- _TASK TO CARRY OUT_
Range to copy from the entries below: the line containing "Hogan Black H-Stripe Chelsea Boot" through the line containing "Trump and Elon", inclusive. Retype only those lines, exactly, without any images.

- _MATERIAL PROVIDED_
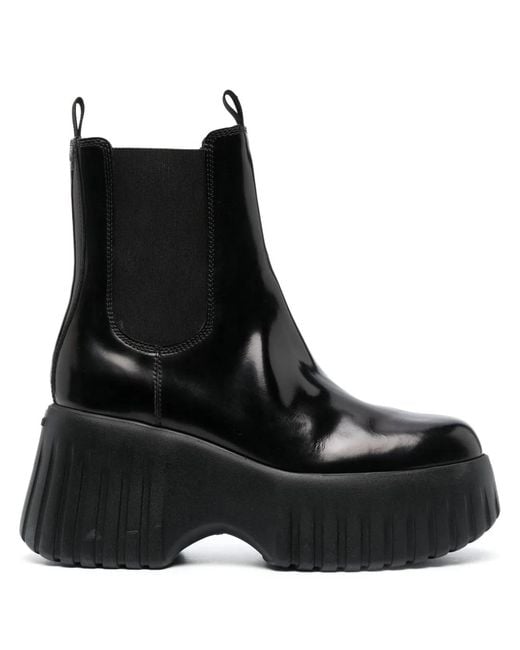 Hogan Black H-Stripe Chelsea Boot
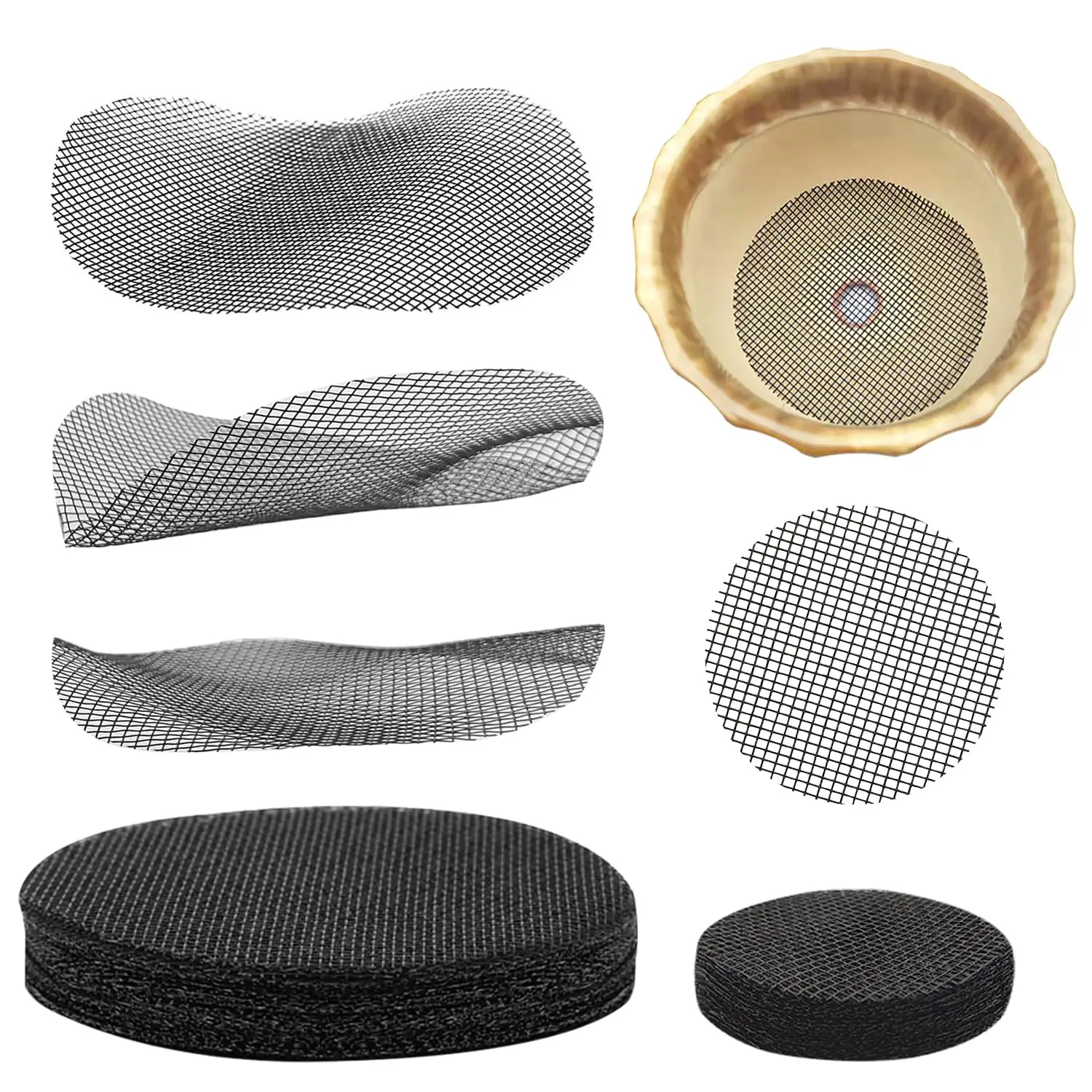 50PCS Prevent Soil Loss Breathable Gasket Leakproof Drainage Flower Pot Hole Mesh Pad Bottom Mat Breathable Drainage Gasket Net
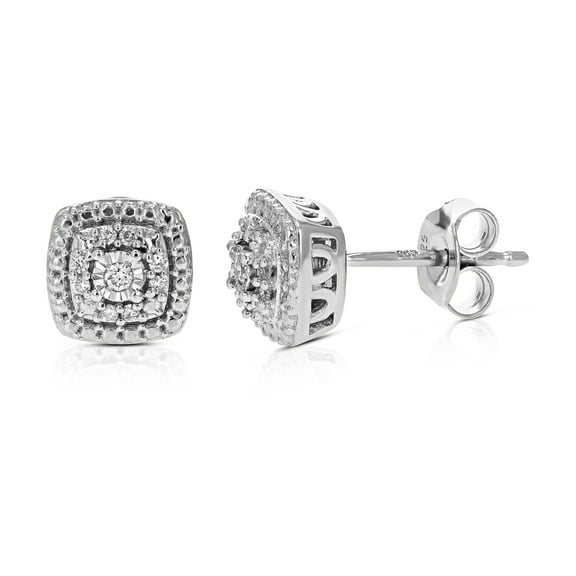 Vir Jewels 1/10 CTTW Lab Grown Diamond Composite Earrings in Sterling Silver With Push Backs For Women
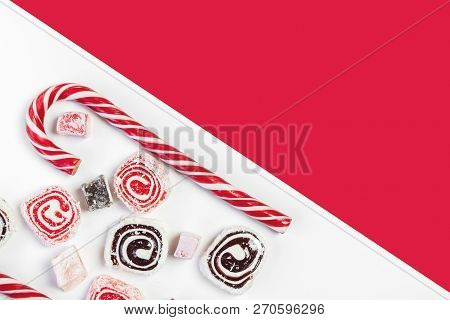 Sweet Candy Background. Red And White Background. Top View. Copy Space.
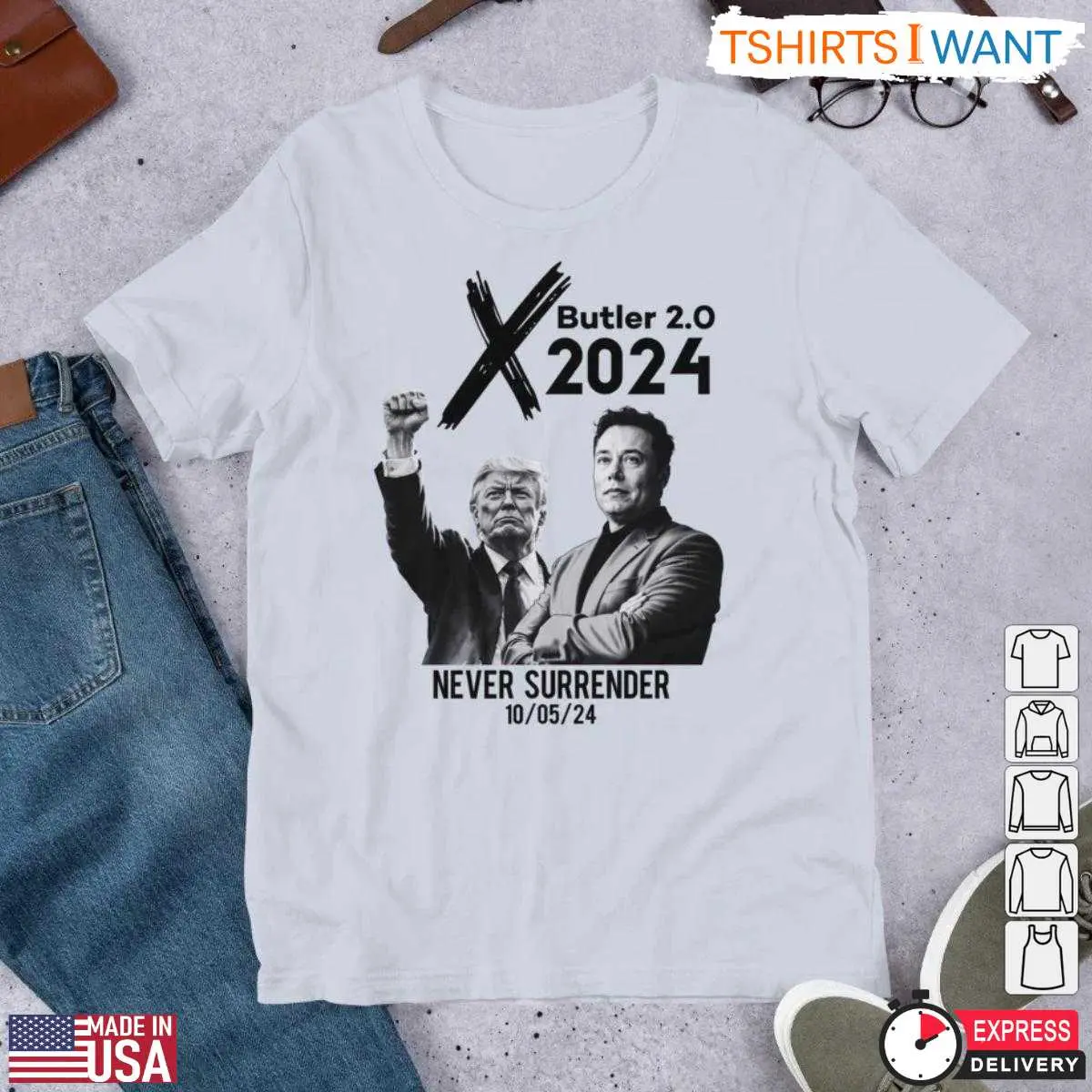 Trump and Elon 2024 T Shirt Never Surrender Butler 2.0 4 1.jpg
--
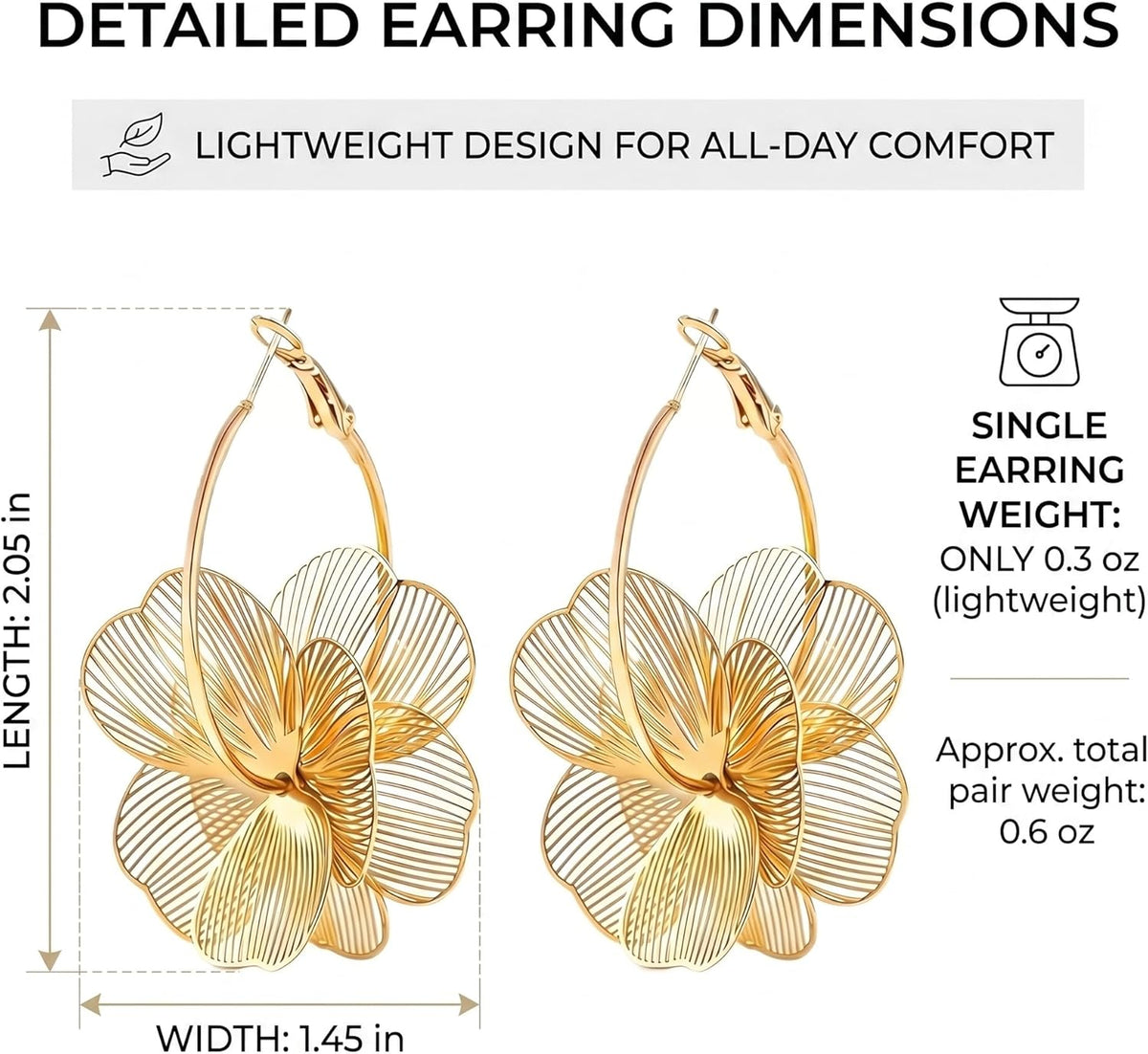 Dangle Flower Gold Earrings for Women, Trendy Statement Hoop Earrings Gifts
...
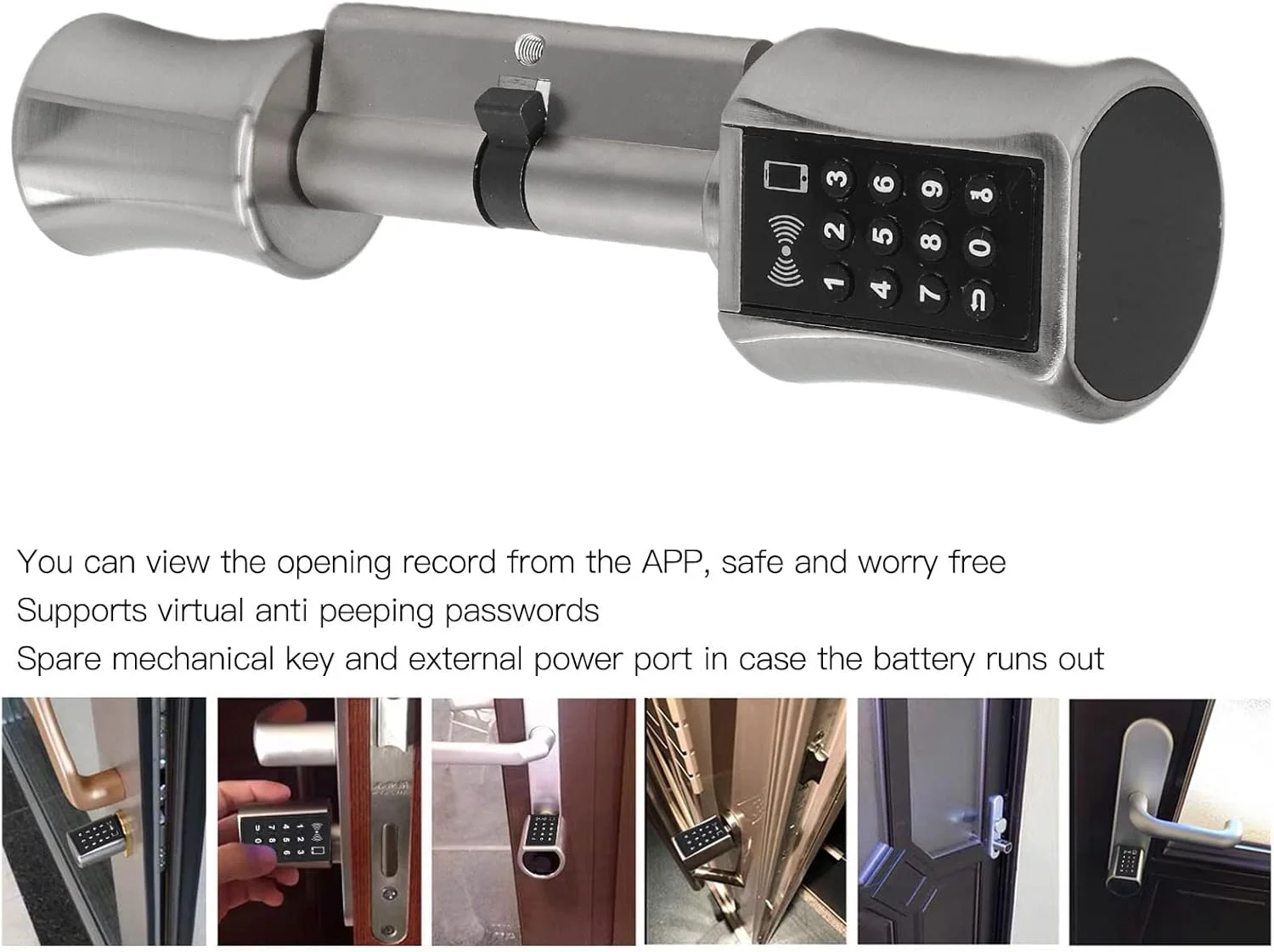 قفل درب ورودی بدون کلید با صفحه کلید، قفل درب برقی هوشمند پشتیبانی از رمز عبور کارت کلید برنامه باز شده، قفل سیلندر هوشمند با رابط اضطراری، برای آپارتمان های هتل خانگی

- _REPLY TO THE TASK_
 Hogan Black H-Stripe Chelsea Boot
 50PCS Prevent Soil Loss Breathable Gasket Leakproof Drainage Flower Pot Hole Mesh Pad Bottom Mat Breathable Drainage Gasket Net
 Vir Jewels 1/10 CTTW Lab Grown Diamond Composite Earrings in Sterling Silver With Push Backs For Women
 Sweet Candy Background. Red And White Background. Top View. Copy Space.
 Trump and Elon 2024 T Shirt Never Surrender Butler 2.0 4 1.jpg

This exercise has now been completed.